PADRE EDUARDO AGUERO

PADRE EDUARDO AGUERO, MISSIONÁRIO DEHONIANO, AO SERVIÇO DA PARÓQUIA DE NOSSA SENHORA DO CARMO (TAIPA)

«A pandemia fez com que muitas pessoas se reaproximassem de Deus»

Nascido na Argentina, o padre Eduardo Aguero aprendeu Português, numa questão de meses, para assumir a liderança dos paroquianos de língua portuguesa da igreja de Nossa Senhora do Carmo. Desde então, tem vindo a operar um pequeno milagre: a igreja da Taipa, como é por muitos conhecida, voltou a encher aos Domingos, tendo os fiéis criado um coro e trazido mais amigos e familiares para os desígnios do Senhor. O mérito, assegura o missionário Dehoniano em entrevista a’O CLARIM, é da própria comunidade.

O CLARIM– Vivemos no passado fim-de-semana a maior festa da Liturgia Católica, a Páscoa. É um tempo de renovação, reflexão, e para a comunidade católica é também um tempo de transformação e introspecção, mesmo para os pastores da Igreja. O padre Eduardo orientou um retiro destinado aos sacerdotes da diocese de Macau. Que importância têm estes recolhimentos espirituais?

PADRE EDUARDO AGUERO– Têm o propósito de nos ajudar a reencontrar com Cristo Ressuscitado. É o que é anunciado no Angelus e tudo tem que partir de lá. É um encontro comunitário, mas também de natureza pessoal. Na quarta-feira abordei o Evangelho de São Marcos, quando as três mulheres foram ao Sepulcro e encontraram o Sepulcro vazio. A mensagem do Angelus, no entanto, estava lá e foi suficiente para elas. As três ficaram muito chocadas, muito surpresas, mas era uma surpresa que combinava alegria e medo. É uma experiência de Deus que elas não sabem como comunicar, uma vez que não falaram com ninguém.

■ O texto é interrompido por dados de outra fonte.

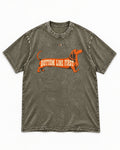 Dachshund Bottom Line First Body Lettering Graphic Washed Tee in Army Green, flat lay product photo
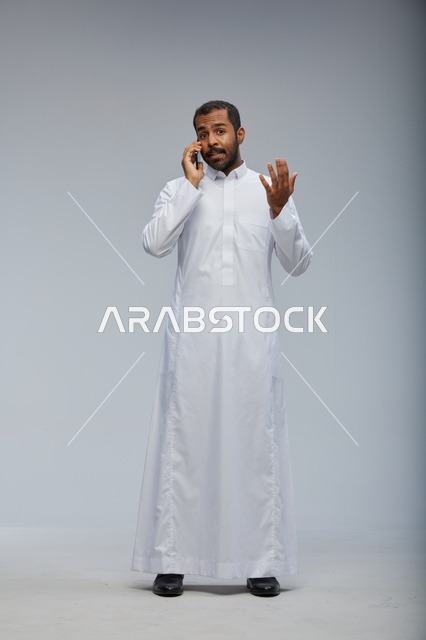 Saudi Man in White Thobe Talking on Smartphone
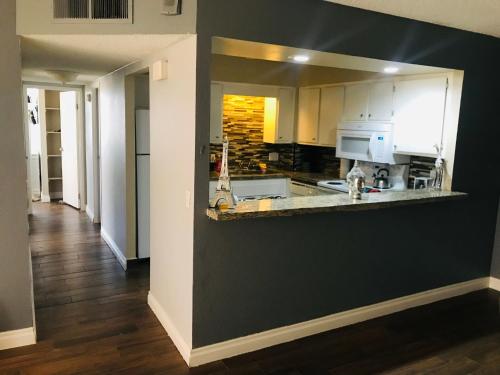 a kitchen with white cabinets and a black wall at Amazing Spare Bedroom in Shared 2/B Condo behind Convention Center in Las Vegas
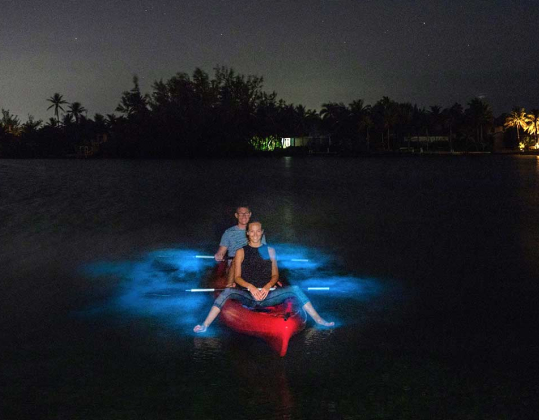 a man and a woman sitting on a kayak in the water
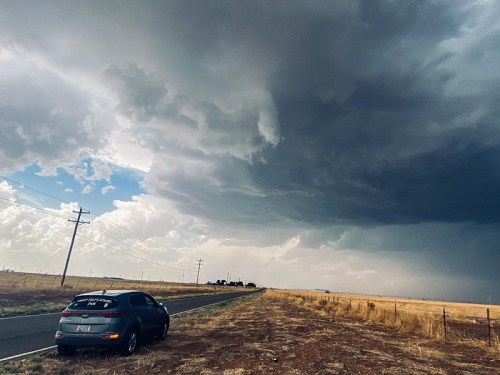 A dark, stormy sky looms over a rural road with a parked car beside a field. Power lines stretch into the distance.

CL– É necessário estarmos preparados para esse tipo de surpresa? É importante manter essa capacidade de nos surpreendermos com aquilo que Deus tem preparado para nós?

P.E.A.– É importante manter, sobretudo, uma capacidade de contemplação. Isso é exceder tudo aquilo que podemos esperar, porque Deus vai completar-nos para além do que é legítimo esperar d’Ele. Estas três mulheres iam encontrar-se com um cadáver, com um corpo, mas acabaram por não encontrar ninguém. Foi uma experiência que fugiu por completo às expectativas que elas tinham. A fé é um dom de Deus, mas nós temos que a aceitar. E temos que a aceitar livremente. Sem fé não se pode acreditar na Ressurreição, sem fé não se pode pregar.

CL– A forma como preparou o retiro desta semana foi diferente da forma como preparou o retiro destinado aos paroquianos da igreja de Nossa Senhora de Fátima, no final de Março?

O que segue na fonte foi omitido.